Whitwell, Tennessee

A few weeks after our biking adventure, Alexandra and I headed south to explore a few notable places in rural Tennessee.  It was a beautiful fall day, with bright blue sky and just a hint of “crisp” in the air.  We had a few goals and fortified ourselves with a latte and chicken biscuit for the road, we let life manage the timing.  About an hour later, we headed off the interstate, west to the Sequatchie valley, driving down the side of the mountain into a narrow idyllic valley that runs north and south through east Tennessee. On this day, it was picture perfect. 

Our first stop of the day was a bit of a whim, Dayton, Tennessee.  We had been there many years before so I knew the history of the town, most famously, the old brick courthouse of Rhea county.  This was the site of the big trial of the 1920’s, often called “Scopes Monkey Trial” that was the inspiration for Inherit the Wind staring Spencer Tracy, one of Alexandra’s favorite movies.  During the trial, William Jennings Bryan, a former presidential candidate, and Clarence Darrow argued for the right to teach evolution in school. Religion versus science was on trial. Two of the most famous lawyers of the day battled out the concept of free speech during the hot Tennessee summer where the proceedings had to be taken outside under a shade tree.  Today the courthouse has a little museum and statues of Bryan and Darrow to commemorate the great trial that brought the theories of evolution to a national debate and put this tiny town on the world stage. 

After our walk around the courthouse, we headed south and made a stop at a local fruit and vegetable market that was piled high with pumpkins and other joys of the fall season.  I ordered a fried green tomato BLT and we shared it on some haybales that were turned into a makeshift couch, everything you would want in an autumn adventure, beautiful scenery, local food and good company.

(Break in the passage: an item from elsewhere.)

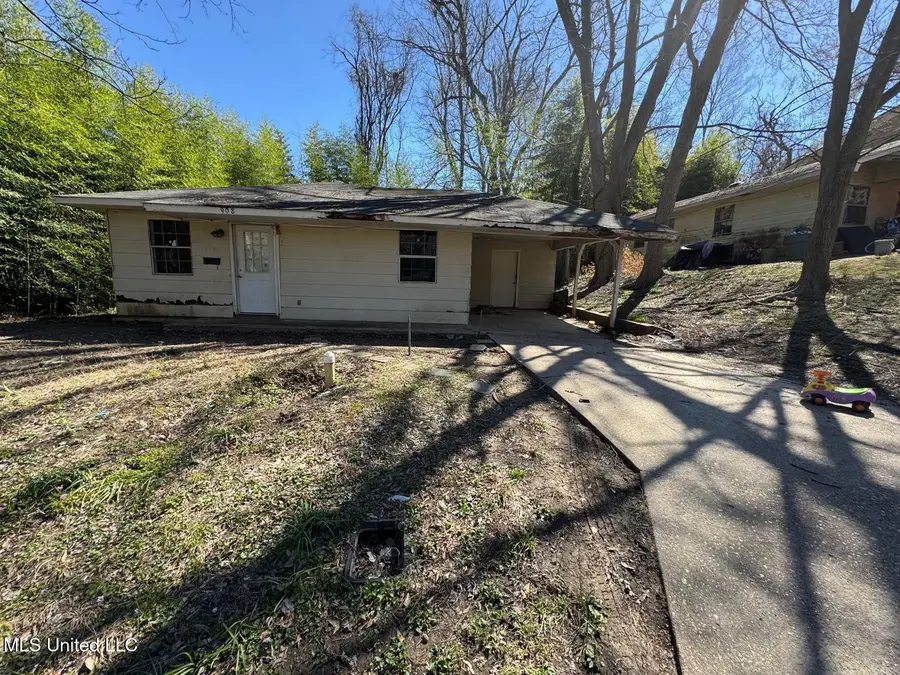 908 Wabash Avenue, Vicksburg, MS 39183 - Image #2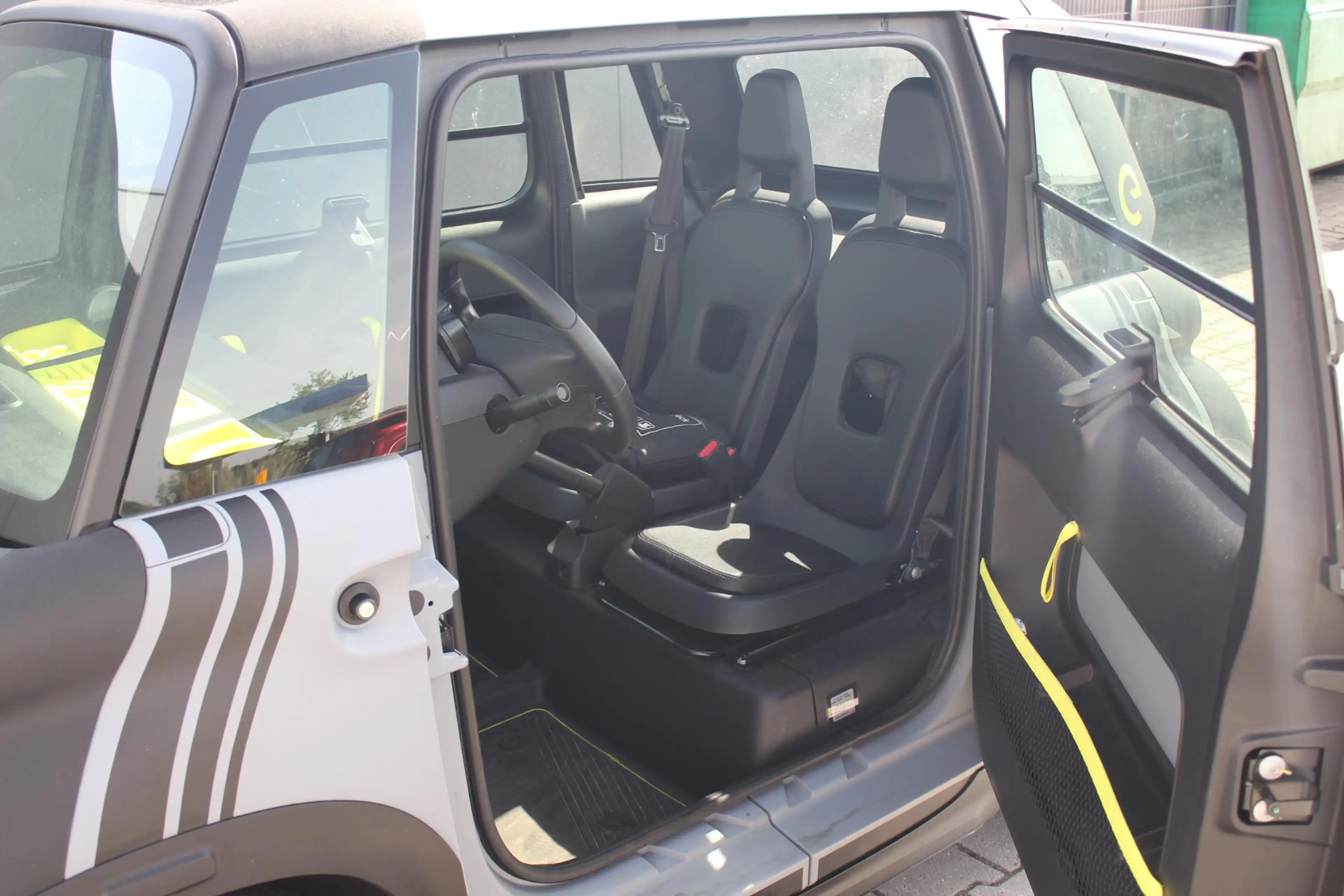 Opel Rocks-e Base | Panoramadak | — photo 15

Our next stop was the even tinier town of Whitwell (whit-whul), Tennessee, population 1700.  This was the main reason for our adventure and a true pilgrimage to honor victims of the Holocaust and the young students who wanted to honor their tragic stories.  The middle school teachers wanted to do a project to teach their students in this isolated community the concept of tolerance and the tragedies of the Holocaust.  Over the course of the multi-year project the students decide to collect paperclips to represent each person who died in the Holocaust, a daunting project as they needed six million paperclips, an incomprehensible number.  The teachers were able to get national publicity and the support of Holocaust survivors to build a small memorial behind the school to remember the terrible consequences of intolerance. This story is told in the moving documentary Paperclips which can be rented on Amazon.  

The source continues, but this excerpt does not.